(Listed entries)

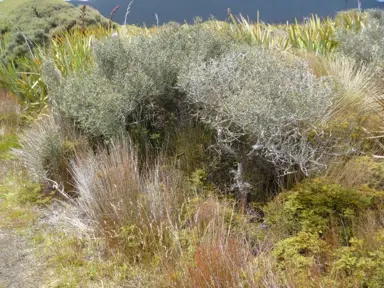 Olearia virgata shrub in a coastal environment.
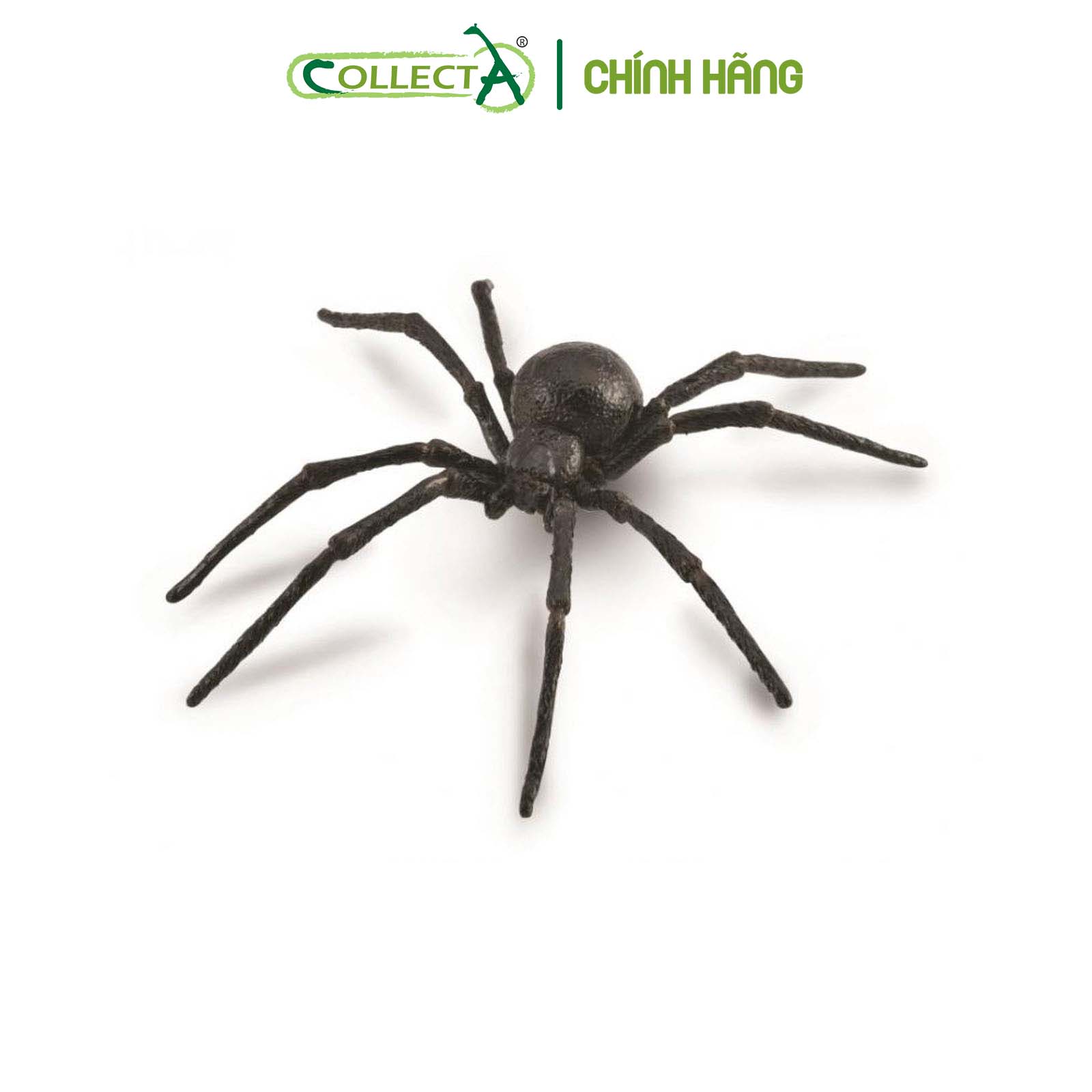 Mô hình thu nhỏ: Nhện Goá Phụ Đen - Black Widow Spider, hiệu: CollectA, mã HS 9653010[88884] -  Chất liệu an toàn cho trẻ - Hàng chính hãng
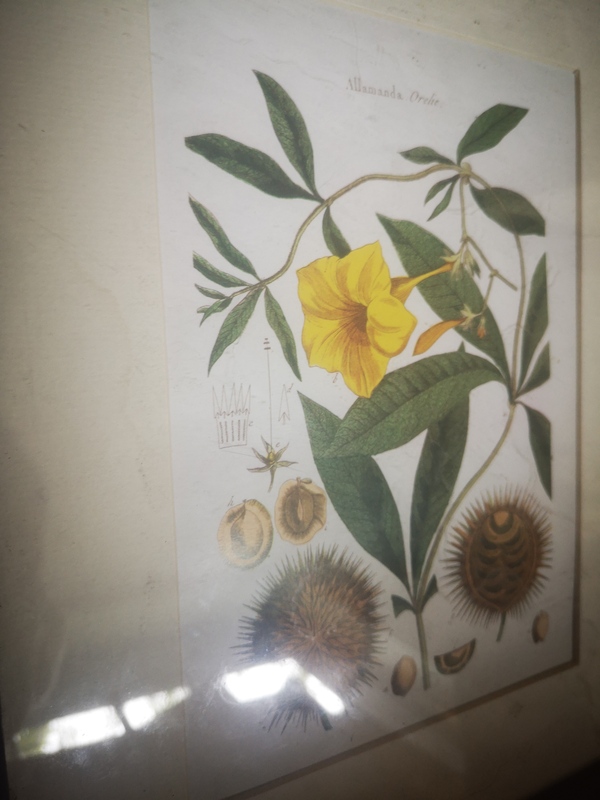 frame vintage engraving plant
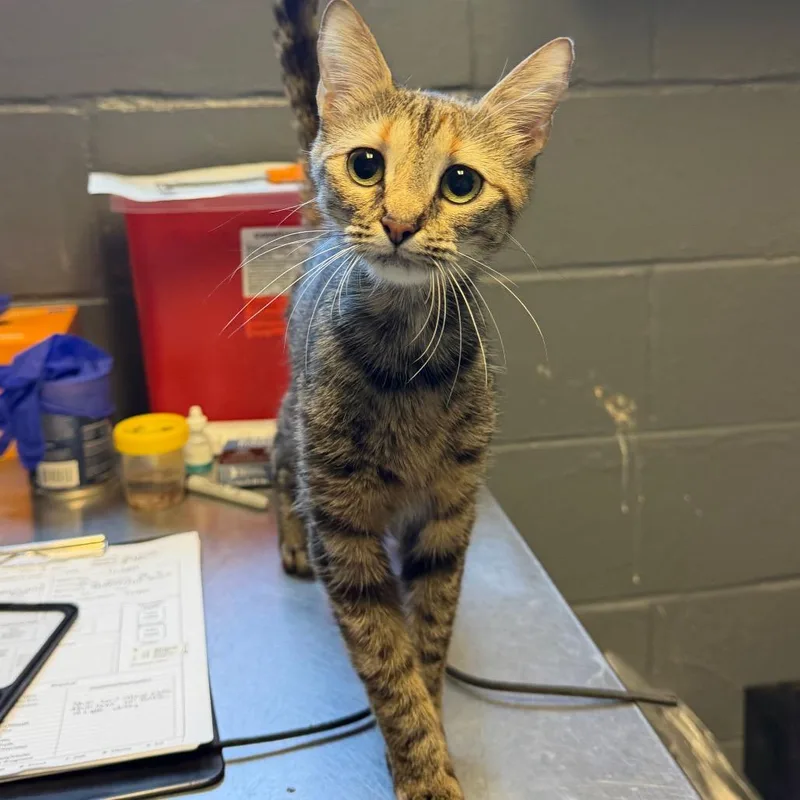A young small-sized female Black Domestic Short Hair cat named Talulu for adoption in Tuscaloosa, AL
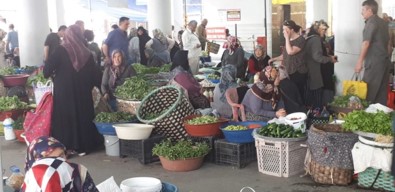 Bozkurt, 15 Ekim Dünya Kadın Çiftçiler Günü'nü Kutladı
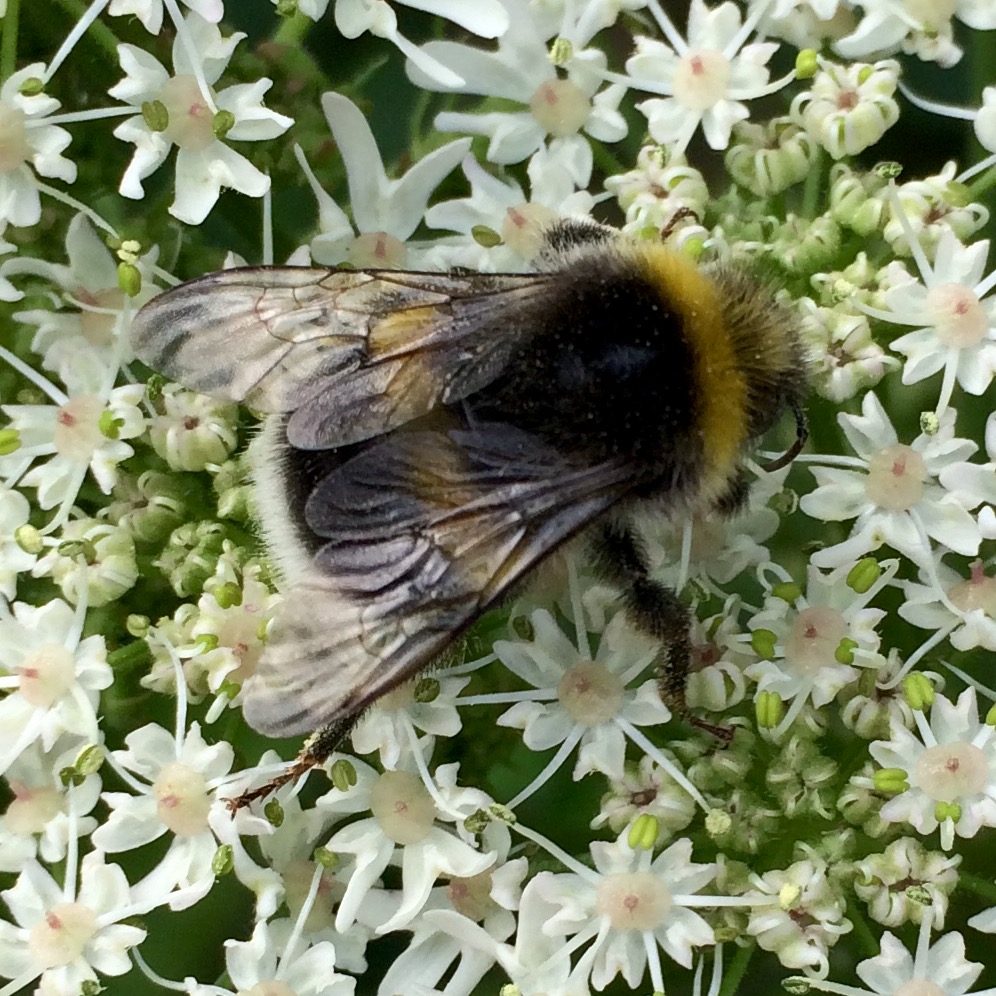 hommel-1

(End Listed entries)

> **Problem to solve**
Copy the records above from the first line through the line containing "frame vintage engraving plant", both included, and leave out any pictures.

> **Answer section**
 Olearia virgata shrub in a coastal environment.
 Mô hình thu nhỏ: Nhện Goá Phụ Đen - Black Widow Spider, hiệu: CollectA, mã HS 9653010[88884] -  Chất liệu an toàn cho trẻ - Hàng chính hãng
 frame vintage engraving plant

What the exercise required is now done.